Abstract
The holographic subsurface radar (HSR) is an effective remote sensing modality for surveying shallowly buried objects with high resolution images in plan-view. However, strong reflections from the rough surface and inhomogeneities obscure the detection of stationary targets response. In this paper, a learning-based method is proposed to mitigate the clutter in HSR applications. The proposed method first decomposes the HSR image into raw clutter and target data using an adaptive subspace projection approach. Then, the autoencoder is applied to carry out unsupervised learning to extract the target features and mitigate the clutter. The sparse representation is also combined to further optimize the model and the alternating direction multiplier method (ADMM) is used to solve the optimization problem for precision and efficiency. Experiments using real data were conducted to demonstrate that the proposed method can effectively mitigate the strong clutter with the target preserved.

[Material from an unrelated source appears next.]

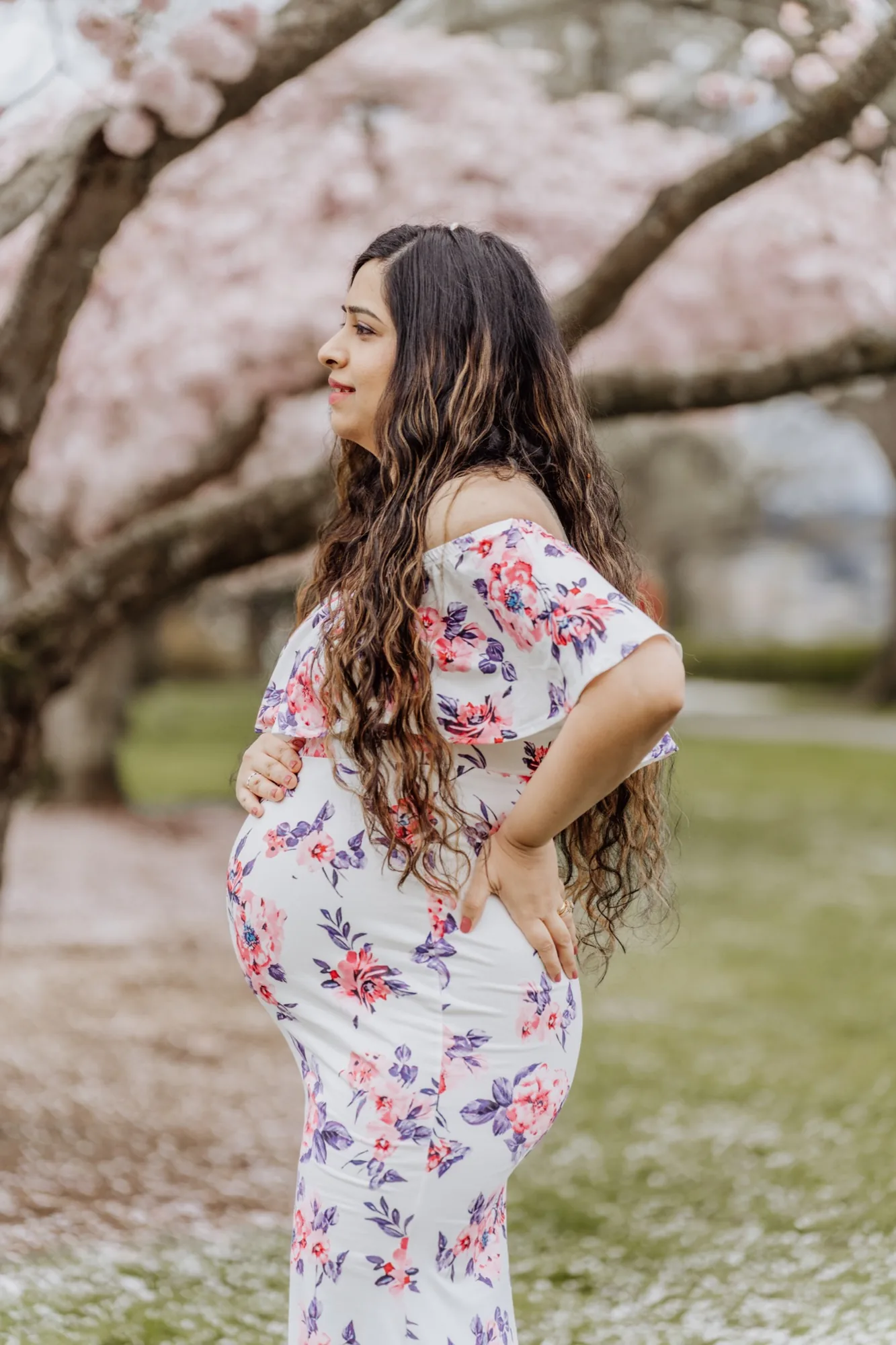 Expecting mother side profile under cherry blossoms in Snohomish County maternity session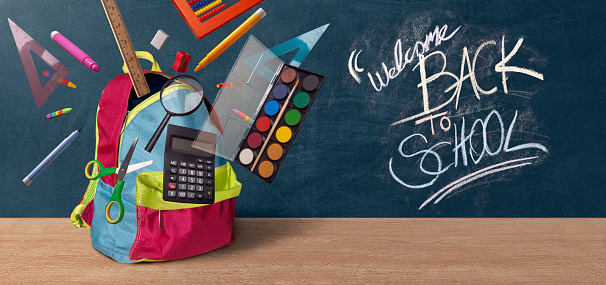 School stationery set floats around a colorful school backpack placed on wooden desk. Welcome back to school text written with colorful chalks visible on the chalkboard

The visual and quantitative results show that the proposed method achieves superior performance on suppressing clutter in HSR images compared with the widely used state-of-the-art clutter mitigation approaches.
Highlights
Microwave imaging has been successfully used as a non-destructive remote sensing modality in subsurface targets surveys, including structural assessment [1], landmine detection [2,3,4], and geological exploration [5,6]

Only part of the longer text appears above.